Brief descriptive captions:
===

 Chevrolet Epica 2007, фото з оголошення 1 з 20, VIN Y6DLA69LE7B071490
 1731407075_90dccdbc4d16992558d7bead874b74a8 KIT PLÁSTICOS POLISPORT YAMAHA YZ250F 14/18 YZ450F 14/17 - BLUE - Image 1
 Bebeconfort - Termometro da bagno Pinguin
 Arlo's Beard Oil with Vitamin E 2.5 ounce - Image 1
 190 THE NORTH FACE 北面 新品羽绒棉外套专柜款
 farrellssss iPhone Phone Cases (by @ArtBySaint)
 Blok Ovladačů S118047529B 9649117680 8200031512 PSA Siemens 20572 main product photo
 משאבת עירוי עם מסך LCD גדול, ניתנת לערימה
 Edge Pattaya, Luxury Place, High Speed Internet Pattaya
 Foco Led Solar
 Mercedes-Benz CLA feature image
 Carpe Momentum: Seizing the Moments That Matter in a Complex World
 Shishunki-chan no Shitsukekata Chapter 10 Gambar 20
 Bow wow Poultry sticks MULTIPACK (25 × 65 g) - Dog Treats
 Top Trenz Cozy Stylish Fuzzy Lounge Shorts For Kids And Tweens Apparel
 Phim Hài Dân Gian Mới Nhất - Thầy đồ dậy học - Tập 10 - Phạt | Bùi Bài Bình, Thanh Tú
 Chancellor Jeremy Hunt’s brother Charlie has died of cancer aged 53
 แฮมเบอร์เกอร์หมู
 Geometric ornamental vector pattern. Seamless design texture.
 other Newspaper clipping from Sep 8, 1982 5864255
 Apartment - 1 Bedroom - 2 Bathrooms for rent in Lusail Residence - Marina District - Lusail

===

What to work on: Above are the lines; repeat exactly the ones from the line containing "farrellssss iPhone Phone" down to the line containing "Mercedes-Benz CLA feature image", both inclusive.

Expected output:
 farrellssss iPhone Phone Cases (by @ArtBySaint)
 Blok Ovladačů S118047529B 9649117680 8200031512 PSA Siemens 20572 main product photo
 משאבת עירוי עם מסך LCD גדול, ניתנת לערימה
 Edge Pattaya, Luxury Place, High Speed Internet Pattaya
 Foco Led Solar
 Mercedes-Benz CLA feature image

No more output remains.